En una confusión entre deseos y realidades, las élites madrileñas dan por amortizado el conflicto

Aragonès apeló a encontrar “fórmulas imaginativas y creativas” (un modo de sublimar el envite) para que los catalanes se pronuncien sobre la independencia, instando al Gobierno “a que se arriesgue a ganar en las urnas, pero también a perder”. Y advirtiendo de que “no habrá una segunda oportunidad”. Muchos pensaran que es un ejercicio de consumo interno dirigido al Gobierno catalán y al bloque independentista, que se mueve entre los que piden un referéndum pactado (con Esquerra al frente) y los que, contra toda evidencia, lo dan ya por hecho y reclaman la implementación del mandato del 1 de octubre. Pero así se elude la cuestión principal: ¿Cómo restablecer una relación política que permita salir del clima de confrontación que se viene arrastrando desde que el Estado optó por la vía represiva para frenar el proceso?

A nadie se le escapa que para convocar un referéndum que cuestione las estructuras del Estado no basta con un simple acto voluntarista. Se requiere que las dos partes piensen que cualquier otra opción sería peor. Y no es el caso. Cuando en abril de 2014 tres grupos catalanes plantearon en el Congreso de los Diputados la posibilidad de celebrar un referéndum, recuerdo que llamé a Alfredo Pérez Rubalcaba: “¿Por qué no la aceptáis? ¿No sois conscientes de que ahora mismo lo ganaríais por goleada y tendríais el tema resuelto por unas cuantas décadas?”. “Posiblemente, tienes razón”, me dijo, “pero sería sentar un precedente”. Es el tabú del referéndum. Y ahí viene la parte débil del discurso de Pere Aragonés: “No habrá segunda oportunidad”. Quiere ser una amenaza pero en el fondo es una constatación de impotencia, porque ahora mismo no hay en el horizonte una vía unilateral alternativa para la independencia que pueda presionar.

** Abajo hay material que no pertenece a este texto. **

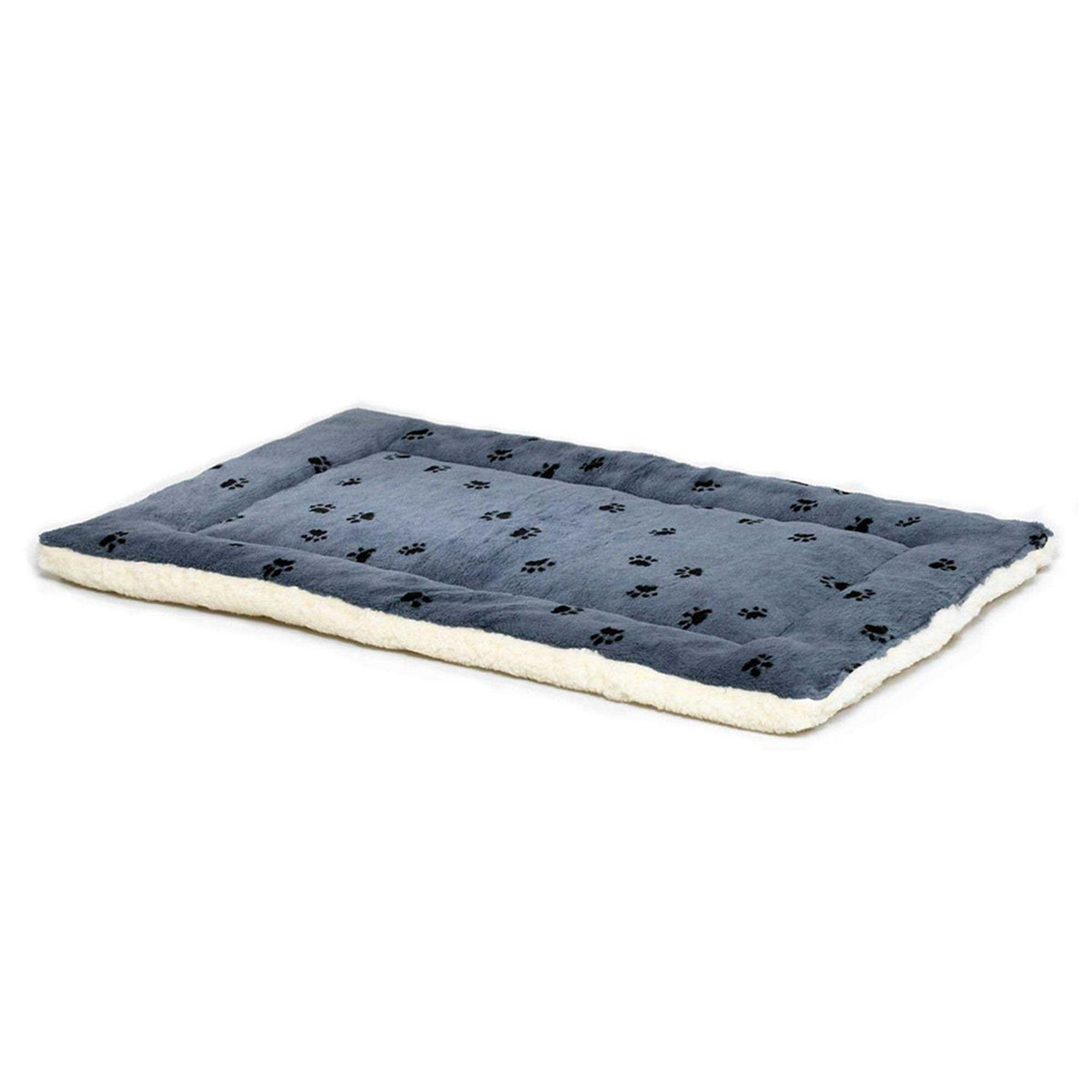 Reversible Paw-Print Pet Bed J91023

Con lo cual lo que se requiere es encontrar fórmulas entre las dos partes para que la mesa de diálogo sirva como expresión del reconocimiento del conflicto y, a partir de ahí, alcanzar acuerdos asumibles que permitan salir de la resaca. No nos podemos quedar en la dinámica represión/embate, que sólo puede agrandar las fracturas y las distancias.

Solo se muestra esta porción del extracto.